## Raw data:

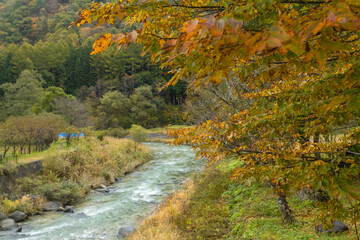 Beautiful view of Hakuba Village with the Japan Alps as a backdrop and a clear stream flowing through it in autumn, view from Oide Park, Nagano Prefecture, Japan 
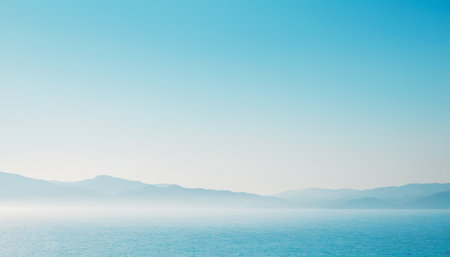 Beautiful landscape of sea and mountains on blue sky background with copy spaceの素材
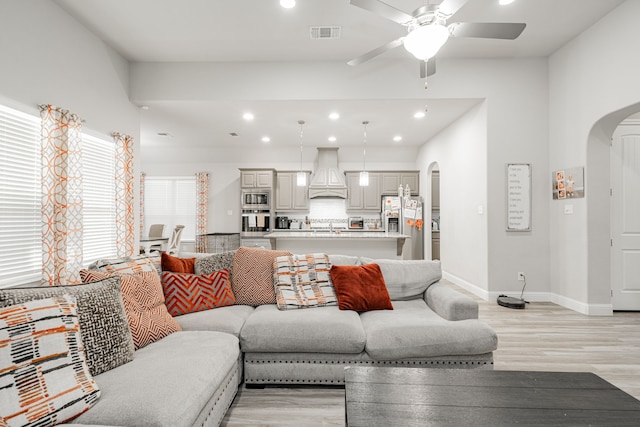 living room with light wood-type flooring, ceiling fan, and sink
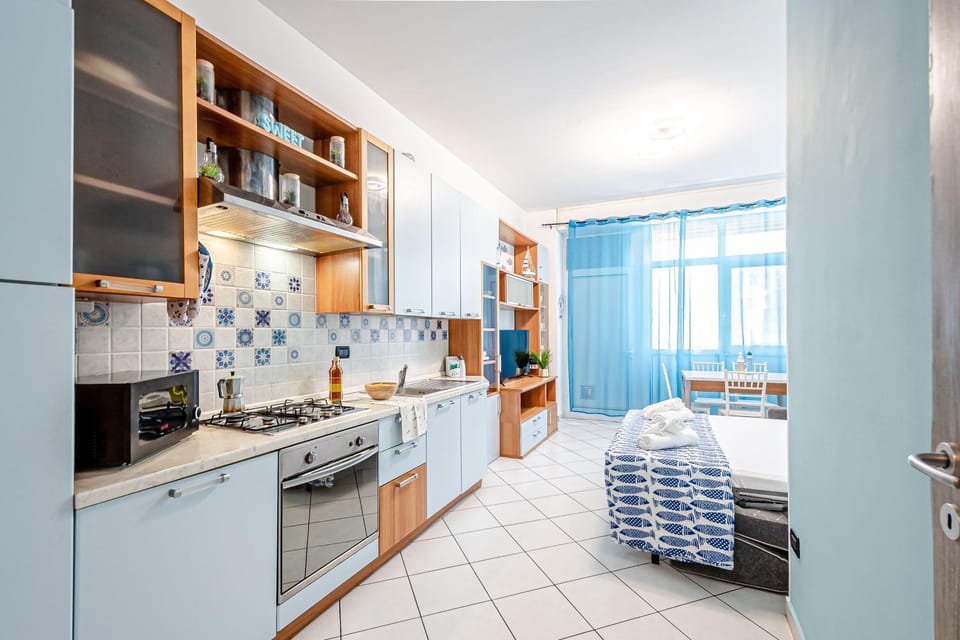 Living room, Dining area, dishwasher, microwave, oven, stove, kitchen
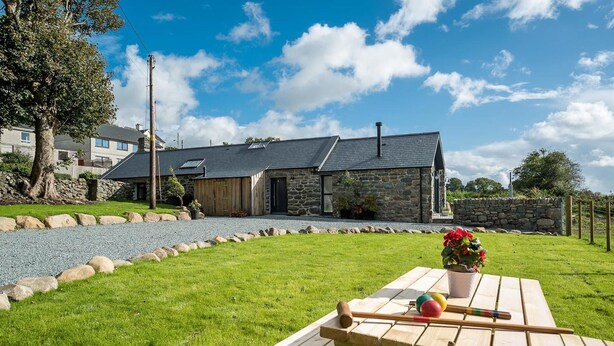 A stone building with a sloped roof, a gravel driveway, and a picnic table with a ball and croquet mallets. - Luxury Two Bedroom Holiday Cottage with Hot Tub and Sea Views | Y-Ddol (Dyffryn Ardudwy)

## Instructions to follow:
Print the lines from the one that contains "Beautiful landscape of" through the last line of the data, exactly and in full, and no other lines. Pictures are not part of the copy.

## Written solution:
 Beautiful landscape of sea and mountains on blue sky background with copy spaceの素材
 living room with light wood-type flooring, ceiling fan, and sink
 Living room, Dining area, dishwasher, microwave, oven, stove, kitchen
 A stone building with a sloped roof, a gravel driveway, and a picnic table with a ball and croquet mallets. - Luxury Two Bedroom Holiday Cottage with Hot Tub and Sea Views | Y-Ddol (Dyffryn Ardudwy)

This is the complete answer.